3. ユーザー体験(UX)を最後まで大切に
せっかく興味を持ってもらっても、「カートの使い方がわかりにくい」「配送情報が不明確」「問い合わせができない」といった理由で離脱されてしまうのはもったいないことです。
-
モバイルでも見やすいページ構成
-
送料や関税が明確にわかる説明
-
問い合わせ対応のスムーズさ(できれば現地時間にあわせて)
こうした細かなUX改善が、“買いやすさ”と“もう一度買いたい”の決め手になります。
越境ECを成功させるには、「売る」ことと同じくらい、「信頼される」「快適に買える」環境づくりが大切です。

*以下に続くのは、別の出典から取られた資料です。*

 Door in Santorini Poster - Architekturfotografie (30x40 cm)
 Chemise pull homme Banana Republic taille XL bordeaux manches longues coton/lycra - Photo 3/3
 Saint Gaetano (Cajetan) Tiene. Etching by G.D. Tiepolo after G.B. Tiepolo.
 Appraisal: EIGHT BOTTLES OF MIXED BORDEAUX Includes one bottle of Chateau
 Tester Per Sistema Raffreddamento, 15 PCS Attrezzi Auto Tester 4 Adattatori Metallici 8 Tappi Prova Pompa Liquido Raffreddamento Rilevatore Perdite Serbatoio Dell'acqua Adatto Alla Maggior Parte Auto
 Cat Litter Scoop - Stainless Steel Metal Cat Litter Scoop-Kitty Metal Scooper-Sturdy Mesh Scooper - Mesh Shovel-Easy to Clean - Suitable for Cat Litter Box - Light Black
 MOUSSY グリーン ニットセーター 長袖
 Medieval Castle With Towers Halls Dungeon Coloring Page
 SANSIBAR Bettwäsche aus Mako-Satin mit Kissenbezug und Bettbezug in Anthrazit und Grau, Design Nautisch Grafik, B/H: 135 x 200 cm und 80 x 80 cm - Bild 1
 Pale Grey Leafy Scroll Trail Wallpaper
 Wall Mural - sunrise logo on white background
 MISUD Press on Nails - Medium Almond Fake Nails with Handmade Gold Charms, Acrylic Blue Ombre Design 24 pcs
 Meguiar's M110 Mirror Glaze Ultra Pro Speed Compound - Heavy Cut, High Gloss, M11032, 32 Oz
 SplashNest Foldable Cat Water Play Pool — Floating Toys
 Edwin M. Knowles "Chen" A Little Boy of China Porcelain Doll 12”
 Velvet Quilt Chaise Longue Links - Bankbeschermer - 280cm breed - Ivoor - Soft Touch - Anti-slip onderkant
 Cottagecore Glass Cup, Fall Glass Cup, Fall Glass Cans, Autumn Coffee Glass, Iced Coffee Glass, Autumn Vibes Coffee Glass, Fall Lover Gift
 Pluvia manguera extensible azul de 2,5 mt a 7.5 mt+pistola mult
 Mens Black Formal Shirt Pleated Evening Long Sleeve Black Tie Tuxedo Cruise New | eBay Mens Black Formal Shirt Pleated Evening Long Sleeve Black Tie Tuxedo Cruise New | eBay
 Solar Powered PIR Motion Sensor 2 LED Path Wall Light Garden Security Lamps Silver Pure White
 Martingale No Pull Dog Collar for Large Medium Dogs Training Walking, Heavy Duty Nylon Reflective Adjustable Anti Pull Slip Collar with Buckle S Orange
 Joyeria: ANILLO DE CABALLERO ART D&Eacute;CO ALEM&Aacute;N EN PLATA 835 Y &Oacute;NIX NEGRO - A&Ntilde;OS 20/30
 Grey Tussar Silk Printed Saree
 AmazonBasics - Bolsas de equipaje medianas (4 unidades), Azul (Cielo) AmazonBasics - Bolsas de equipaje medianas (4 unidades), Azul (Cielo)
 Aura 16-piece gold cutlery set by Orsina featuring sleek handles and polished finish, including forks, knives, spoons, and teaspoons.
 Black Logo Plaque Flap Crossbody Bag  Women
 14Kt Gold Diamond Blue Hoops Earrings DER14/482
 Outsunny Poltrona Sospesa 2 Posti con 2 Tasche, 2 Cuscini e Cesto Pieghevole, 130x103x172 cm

お客様の目線に立ったひと工夫が、リピーターやファンづくりにつながっていきます。
まとめ|あなたの“好き”を、世界に届けよう
越境ECとは、いまや誰もが挑戦できる新しい販売の形です。
ツールやサービスが充実した今、個人や小さなチームでも、世界を相手に商品を届けられる時代になっています。
とはいえ、初めての越境ECには不安もつきもの。
言語、通貨、配送、文化の違い――どれも簡単ではありませんが、ひとつずつ整えていくことで、ちゃんとお客様に届く仕組みは作れます。
そして何より大切なのは、
あなたが「良い」と信じている商品やサービスに、自信を持つこと。
日本ならではの品質や感性、細やかな気づかいが、思いがけない国の誰かに「これが欲しかった」と届くことも珍しくありません。
まずは小さく、できるところから。
あなたの“好き”や“こだわり”を、越境ECという手段で世界へ届けてみませんか?